■ **WHAT YOU SHOULD DO**:
Exact copies of all the entries are required, and no pictures should appear in them.

*** Opening SOURCE RECORDS ***

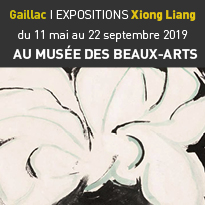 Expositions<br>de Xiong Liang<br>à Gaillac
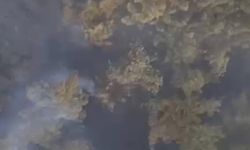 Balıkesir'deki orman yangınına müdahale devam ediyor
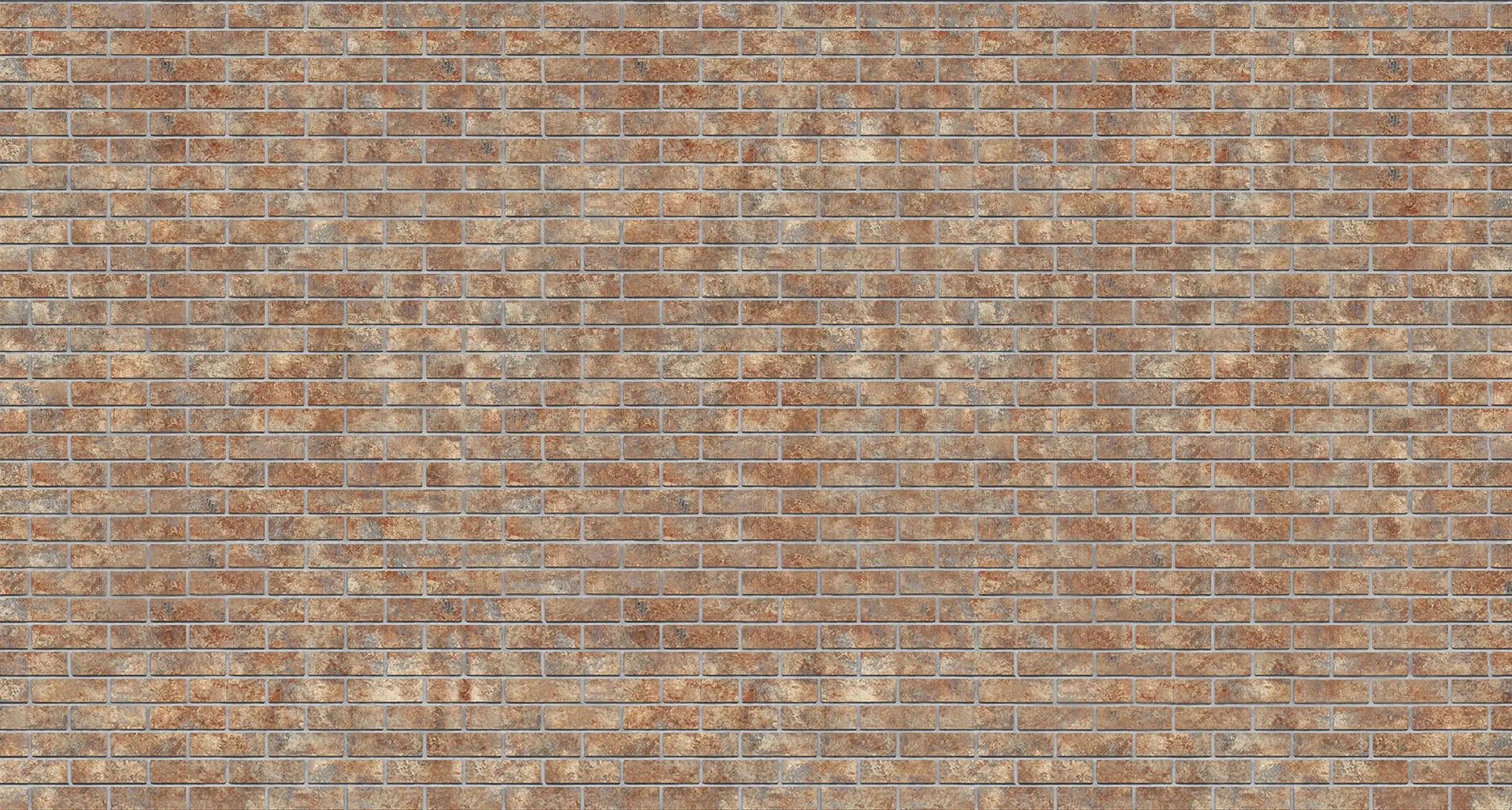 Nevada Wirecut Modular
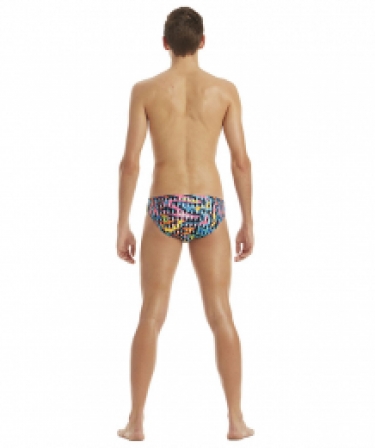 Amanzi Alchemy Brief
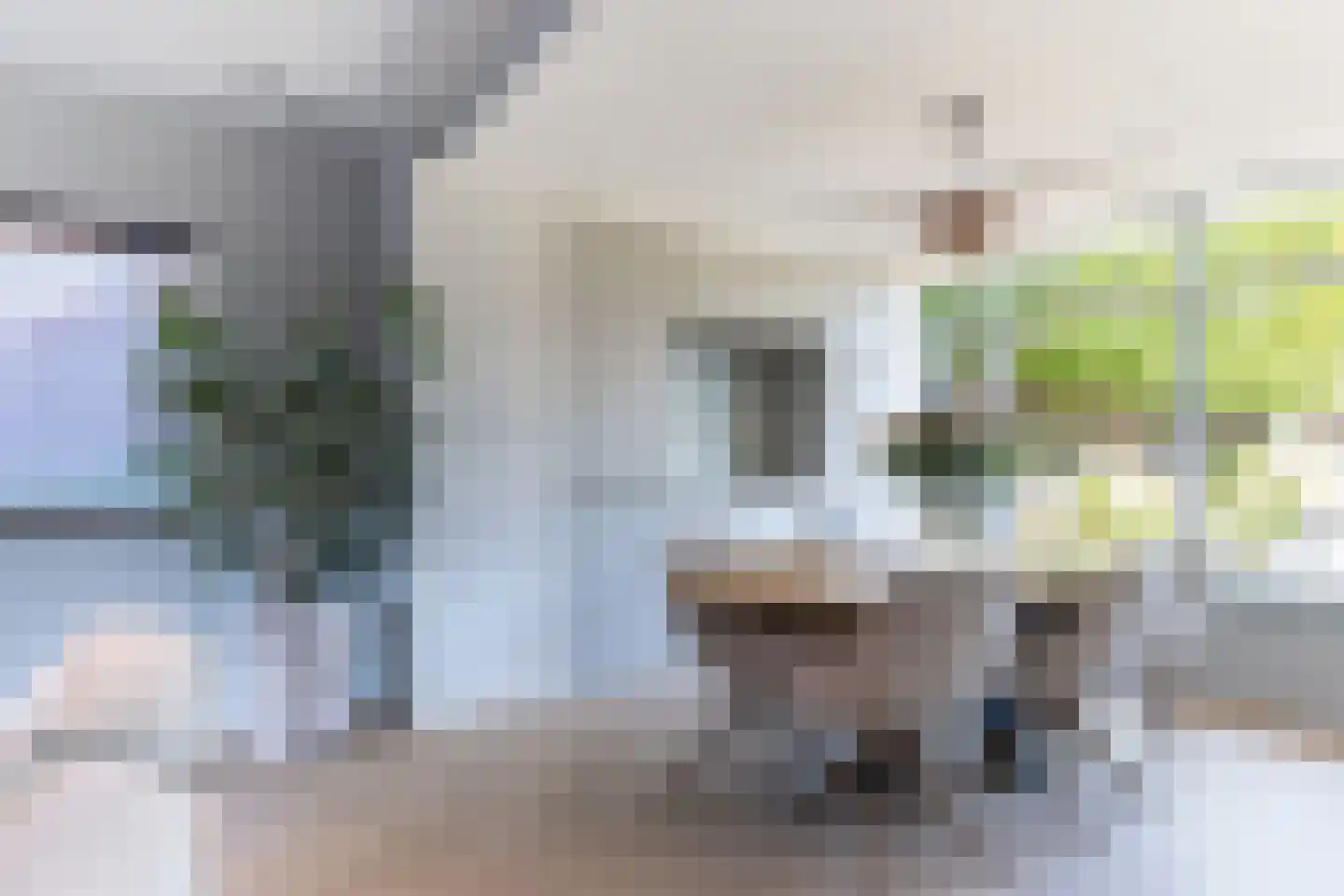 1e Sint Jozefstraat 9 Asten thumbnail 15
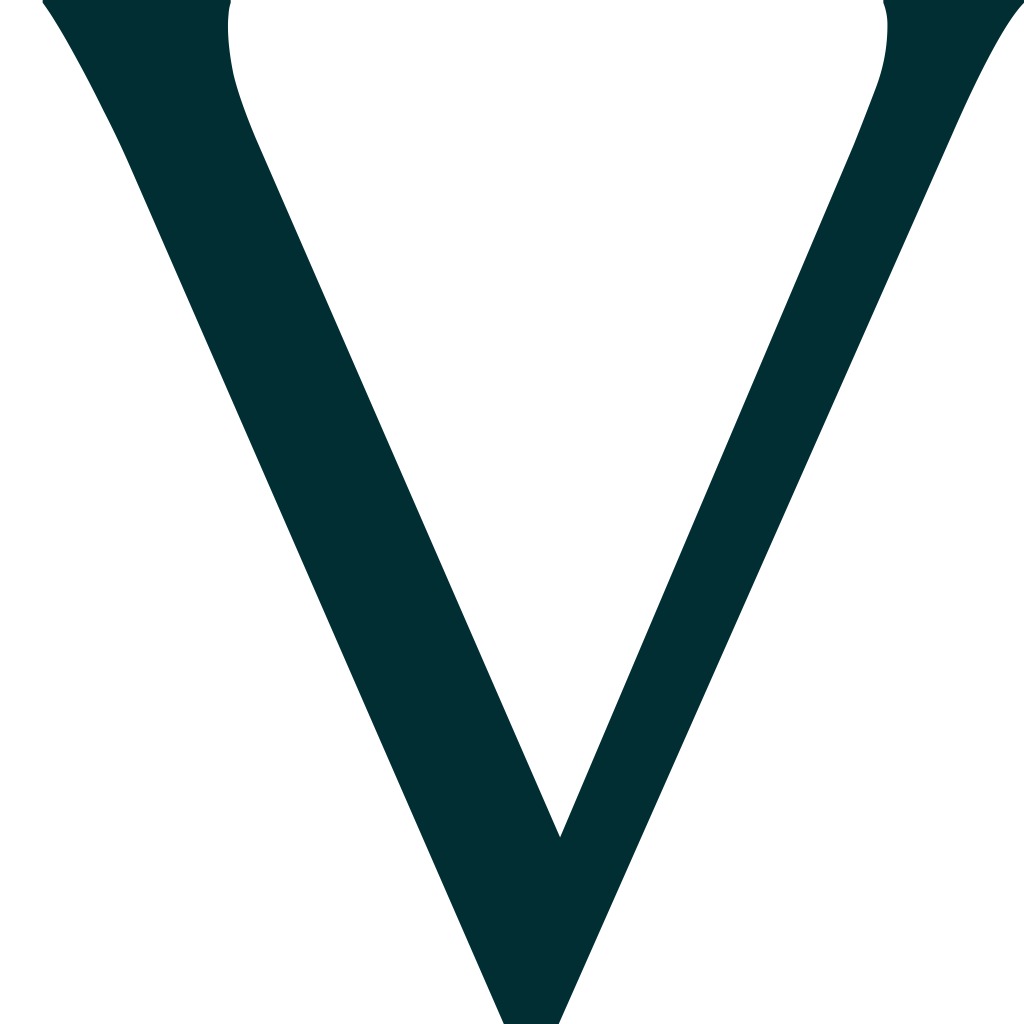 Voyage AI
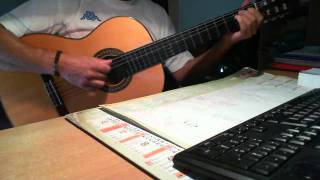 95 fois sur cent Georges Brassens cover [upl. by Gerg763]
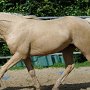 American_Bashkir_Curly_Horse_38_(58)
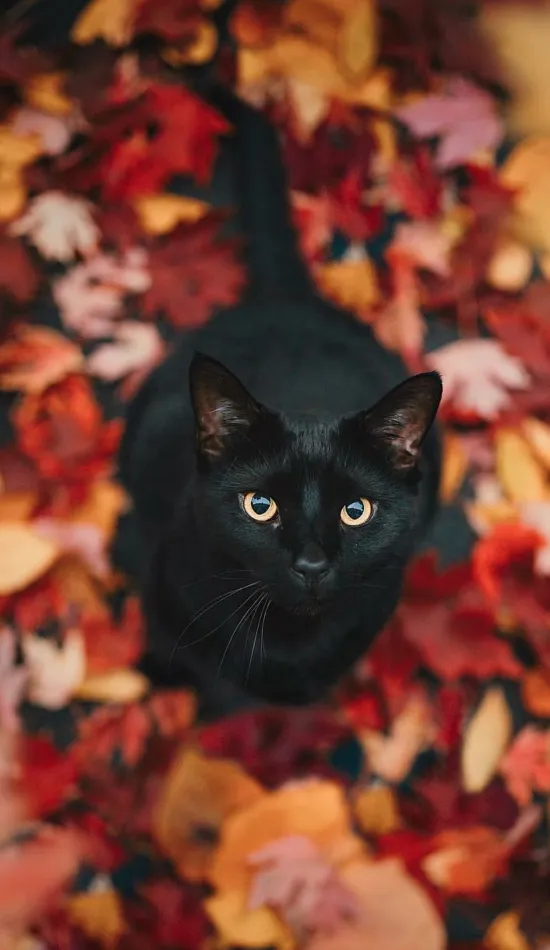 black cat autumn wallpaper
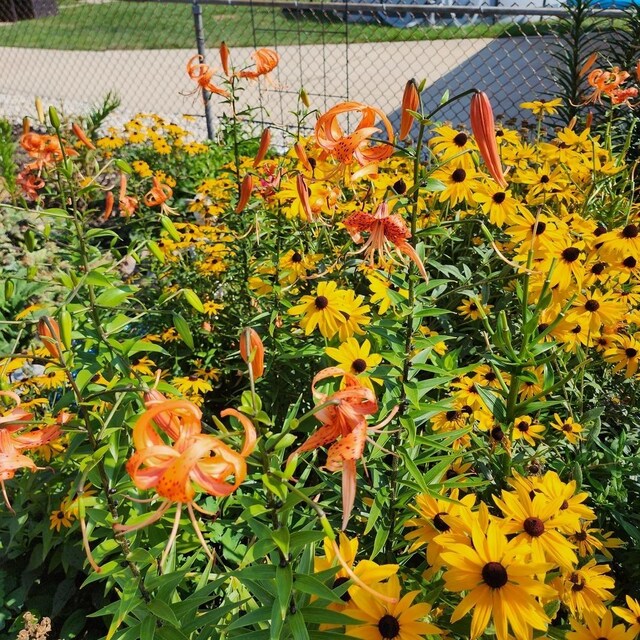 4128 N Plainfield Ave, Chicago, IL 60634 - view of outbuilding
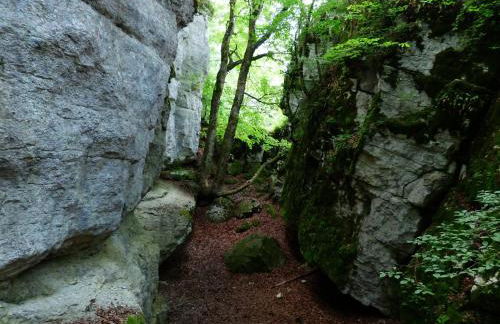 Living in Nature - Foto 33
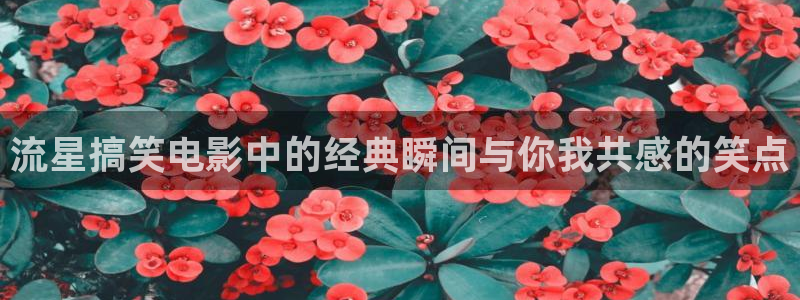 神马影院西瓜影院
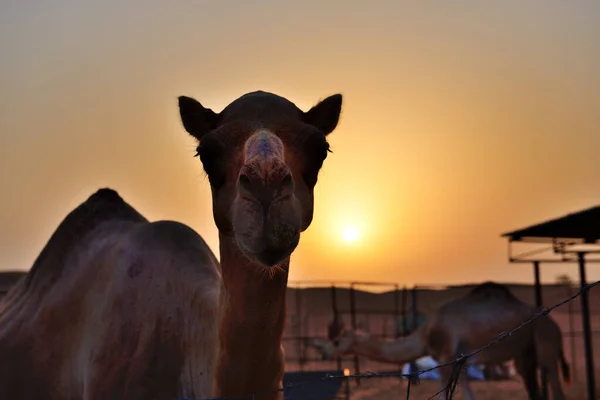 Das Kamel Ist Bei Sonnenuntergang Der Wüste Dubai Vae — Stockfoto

*** Closing SOURCE RECORDS ***

■ **EXERCISE ANSWER**:
 Expositions<br>de Xiong Liang<br>à Gaillac
 Balıkesir'deki orman yangınına müdahale devam ediyor
 Nevada Wirecut Modular
 Amanzi Alchemy Brief
 1e Sint Jozefstraat 9 Asten thumbnail 15
 Voyage AI
 95 fois sur cent Georges Brassens cover [upl. by Gerg763]
 American_Bashkir_Curly_Horse_38_(58)
 black cat autumn wallpaper
 4128 N Plainfield Ave, Chicago, IL 60634 - view of outbuilding
 Living in Nature - Foto 33
 神马影院西瓜影院
 Das Kamel Ist Bei Sonnenuntergang Der Wüste Dubai Vae — Stockfoto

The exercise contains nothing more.